Advanced Business Object View Configuration

When the business object view is created, every entity object in the hierarchy of the related business object maps to:

  • A Form View used to display one record of this node when browsing the data. The default form view for the entity is set by default.

  • An optional Data Entry Form View used to edit one record in this node when editing data in a workflow.

  • A Table View used to display the list of records in this node. The default form view for the entity is set by default.
    It is also possible to configure a customized Sort Expression for the records in the node, and a customized Display Name for showing the records the hierarchy tree.

  • An optional Search Configuration that defines the available built-in and customozed search methods.

If the form views used contain references pointing to other entities, you can define for these references how References Browsing (for browsing data) and References Selection (for data entry) will behave.

To configure the views and the references behavior:

  1. In the Business Object View editor, in the Hierarchy section, review the Form/Table Views associated with the business object’s entity objects. To change or set one of these views:

    1. Select a node in the hierarchy corresponding to the entity object. The Properties view shows the Entity Object Form View properties.
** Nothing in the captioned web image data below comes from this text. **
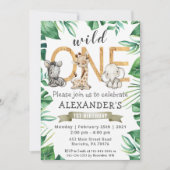 Oerwoud Safari Wild Uitnodiging van één dag (Voorkant)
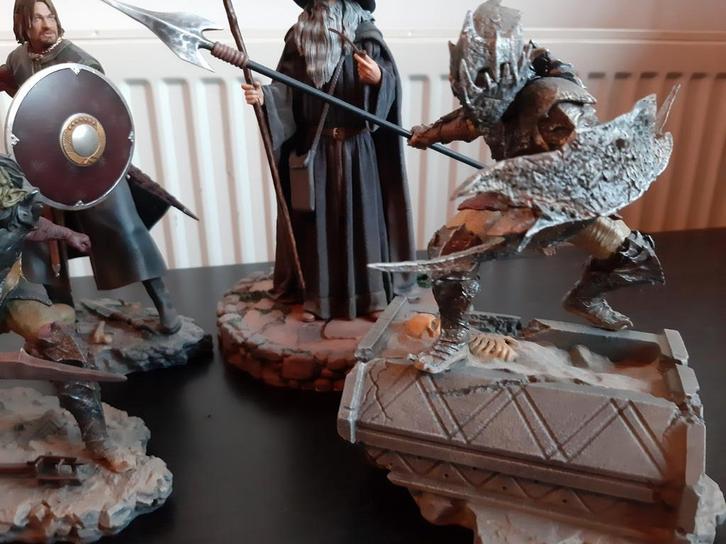 LoTR Armored Orc Iron Studios BDS 1/10 statue, Verzamelen, Lord of the Rings, Zo goed als nieuw, Beeldje of Buste, Ophalen of Verzenden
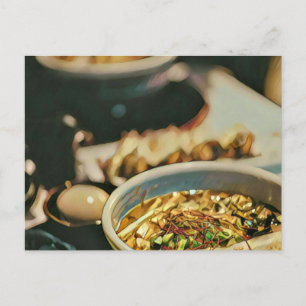 Carte Postale Œuvre d'art Ramen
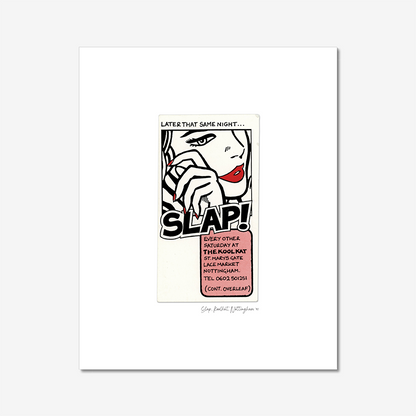 Slap - Photographic Print of Rave Flyer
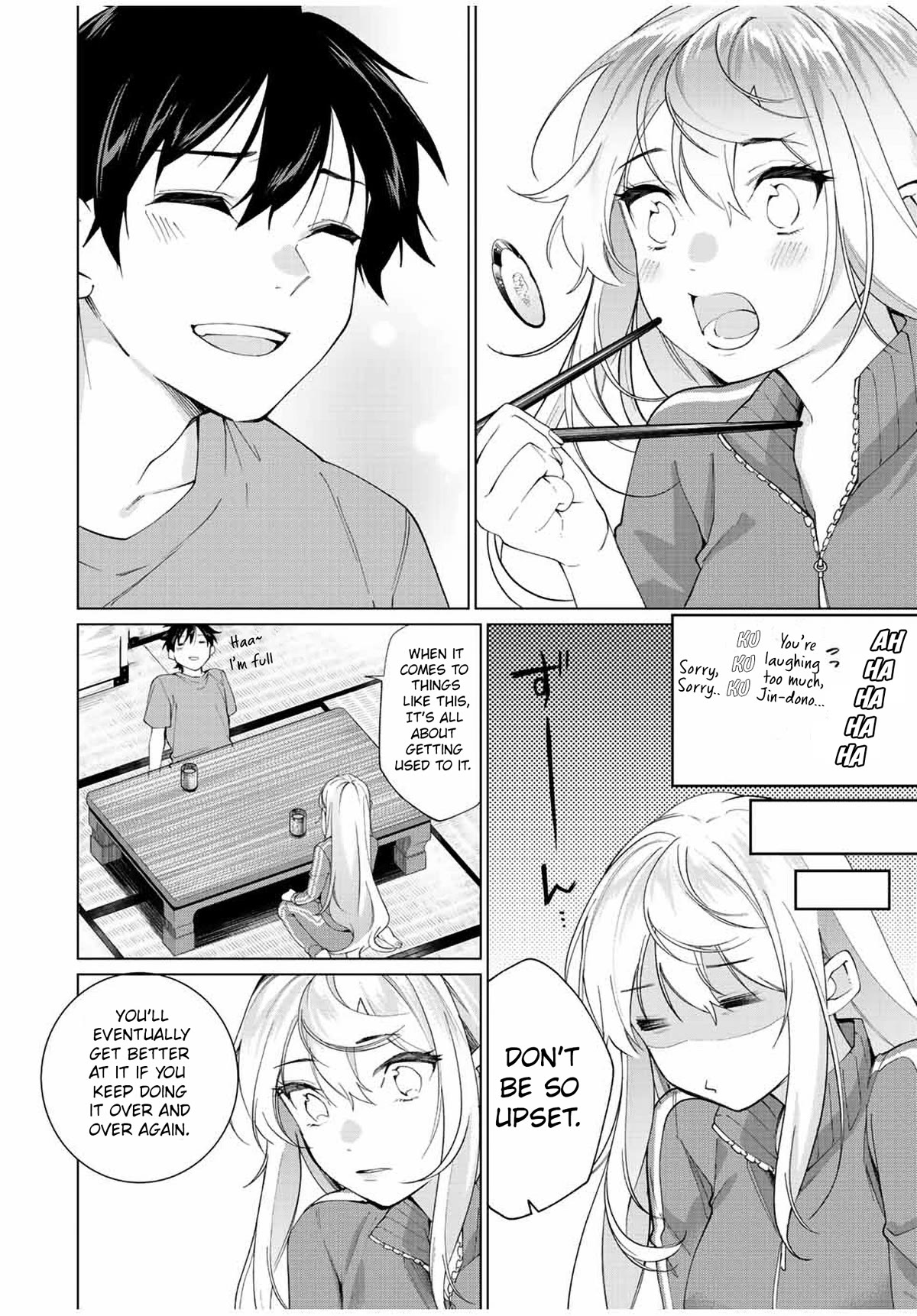 I Found a Female Knight in a Rice Field, in the Countryside They Think She’s My Wife Chapter 7 page 4 - Chapter 7: Living Together With The Female Knight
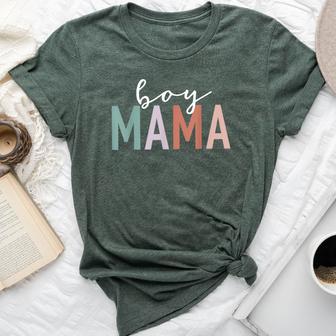 Boy Mama For Mother Mom Of Boys Leopard Print Bella Canvas T-shirt - Thegiftio UK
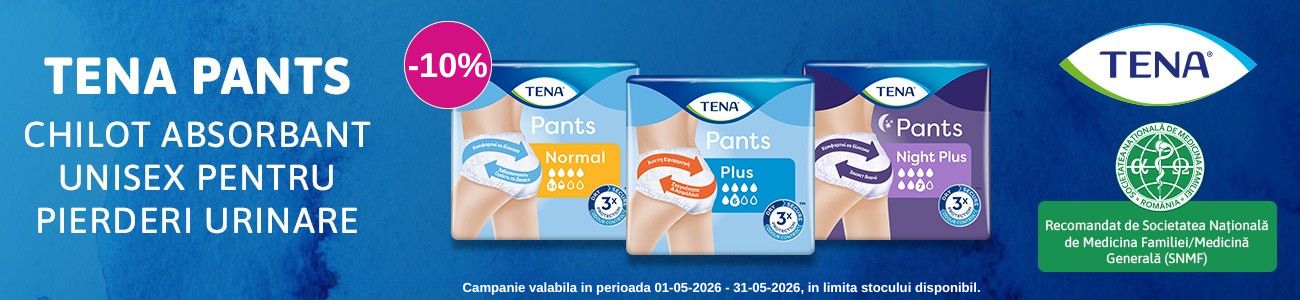 Promotie cu reducere 10% la Tena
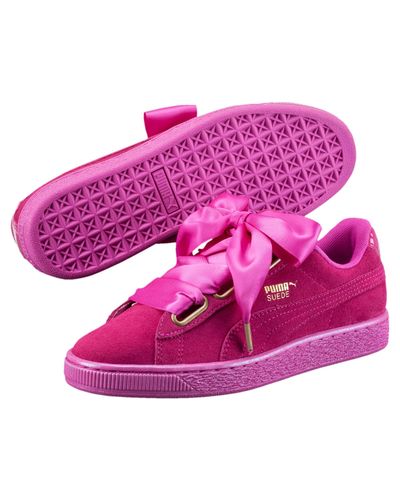 PUMA Suede Low-Top Sneakers in Ultra Magenta-Ultra Magenta (Pink) - Lyst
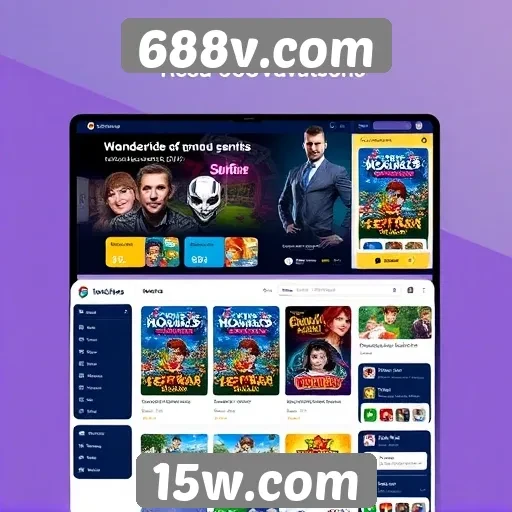 Inovação na interface do usuário em 688v.com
    2. In the Name and Definition section, select a Table View, a Form View and optionally a Data Entry Form View.

    3. Select the Customized Sort options and then set a SemQL Sort Expression to define the default sort order.

    4. Select User-Defined Sort to allow users to define their own sort order for this node in the hierarchy.

  2. Optionally configure the references navigation:

    1. Select the References Browsing section in the Properties view.

    2. Click the Refresh button in the Properties view toolbar to refresh the list of browsable references.

    3. For each reference listed, select a Browsing Target: Not Browsable makes the reference not navigable, Default Form View opens a popup with the default form view for the entity and Business Object View opens a business object view that contains in its hierarchy the target of the reference. If you select a Business Object View target, then you can select a Target Business Object View

  3. Optionally configure the references selection:

    1. Select the References Selection section in the Properties view.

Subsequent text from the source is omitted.